Back to debugging this nmap error :
I found 2 mods that cause it by themselves now (after having worked fine for IG years). Colonist History alone[1] crashes my game rather instantly upon loading my save. And Light Radius alone[1] crashes it too but later after loading (about 30'). Info has been shared with their developers.

[1] "alone", that is among the mods I can deactivate.

Canute

Testing not on an existing colony, yes that don't work until it was a vanilla colony.
Just creating a new colony, just to see if start anything fine (hugslib offer a quickstart function).

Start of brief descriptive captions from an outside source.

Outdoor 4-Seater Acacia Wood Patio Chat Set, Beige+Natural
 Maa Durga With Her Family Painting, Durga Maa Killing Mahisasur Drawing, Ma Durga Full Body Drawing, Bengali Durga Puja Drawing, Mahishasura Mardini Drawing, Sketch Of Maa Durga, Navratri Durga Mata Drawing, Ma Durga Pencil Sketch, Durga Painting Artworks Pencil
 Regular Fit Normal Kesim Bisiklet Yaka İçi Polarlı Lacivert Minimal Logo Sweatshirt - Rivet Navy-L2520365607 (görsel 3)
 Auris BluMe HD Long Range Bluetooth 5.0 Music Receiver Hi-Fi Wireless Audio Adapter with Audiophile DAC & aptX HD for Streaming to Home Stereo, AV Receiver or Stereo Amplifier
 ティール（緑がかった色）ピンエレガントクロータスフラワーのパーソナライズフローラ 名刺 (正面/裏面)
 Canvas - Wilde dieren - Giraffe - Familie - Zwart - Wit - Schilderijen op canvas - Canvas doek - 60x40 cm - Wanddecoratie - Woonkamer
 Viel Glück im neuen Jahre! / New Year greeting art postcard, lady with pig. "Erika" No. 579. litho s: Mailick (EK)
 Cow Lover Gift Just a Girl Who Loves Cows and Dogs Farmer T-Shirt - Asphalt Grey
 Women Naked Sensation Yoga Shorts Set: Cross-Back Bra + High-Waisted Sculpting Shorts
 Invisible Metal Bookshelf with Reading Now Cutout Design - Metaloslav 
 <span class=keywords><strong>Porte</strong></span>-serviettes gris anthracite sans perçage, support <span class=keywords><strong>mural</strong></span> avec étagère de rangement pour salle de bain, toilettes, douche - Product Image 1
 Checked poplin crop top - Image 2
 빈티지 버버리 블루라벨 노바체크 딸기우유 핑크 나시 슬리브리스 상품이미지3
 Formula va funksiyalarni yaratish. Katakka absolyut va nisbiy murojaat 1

But when these nmap thing just happen later during gameplay, it is hard to track down anyway.
You never can say if it is a single mod issue or a mod conflict of 2 or more mods that cause it.


But

tuk0z

Yeah, I didn't think enough about an active mod upgrade doing wrong. A quick and clean new base with the mod would help to pinpoint where the issue comes from in thefirst place yeah.  Fact I never could finish a campaign (start no prob, crash only many years IG) since v1.2 came out might blur my vision.

Quote from: Canute on October 22, 2021, 01:03:21 PM
But when these nmap thing just happen later during gameplay, it is hard to track down anyway.
You never can say if it is a single mod issue or a mod conflict of 2 or more mods that cause it.
Which is why I'm here man. These MS/Unity/Mono error stack frames must have a meaning for someone in this world. Wait, no?

tuk0z

Quote from: tuk0z on October 22, 2021, 02:41:06 PMThese MS/Unity/Mono error stack frames must have a meaning for someone in this world. Wait, no?
I guess the answer is no.

Anyway today with Light Radius on, the game run fine for over 3 hours, then suddently crashes with this (slightly different) stack:
mmap(PROT_NONE) failed
Caught fatal signal - signo:6 code:-6 errno:0 addr:0x3e900000c0f
Obtained 15 stack frames.
#0  0x007fcfb6482870 in (Unknown)
#1  0x007fcfb62dfd22 in (Unknown)
#2  0x007fcfb62c9862 in (Unknown)
#3  0x007fcfb0ec1312 in (Unknown)
#4  0x007fcfb0ec137f in (Unknown)
#5  0x007fcfb0ec427f in (Unknown)
#6  0x007fcfb0ec44e8 in (Unknown)
#7  0x007fcfb0ec4956 in (Unknown)
#8  0x007fcfb0ec5788 in (Unknown)
#9  0x007fcfb0ec58ac in (Unknown)
#10 0x007fcfb0e9b8fb in (Unknown)
#11 0x007fcfb0e50de0 in (Unknown)
#12 0x007fcfb0e50f57 in (Unknown)
#13 0x007fcfb0e50f9f in (Unknown)
#14 0x000000417c6f07 in (wrapper managed-to-native) object:__icall_wrapper_ves_icall_object_new_specific (intptr)

The good news is that it had been 8 days since my game run this long before crashing. The less good news is I can't imagine making a new base and test it that many hours for each mod. Unless there is a way to reduce the number of mods that may be linked in these crash, and therefore to test for so long?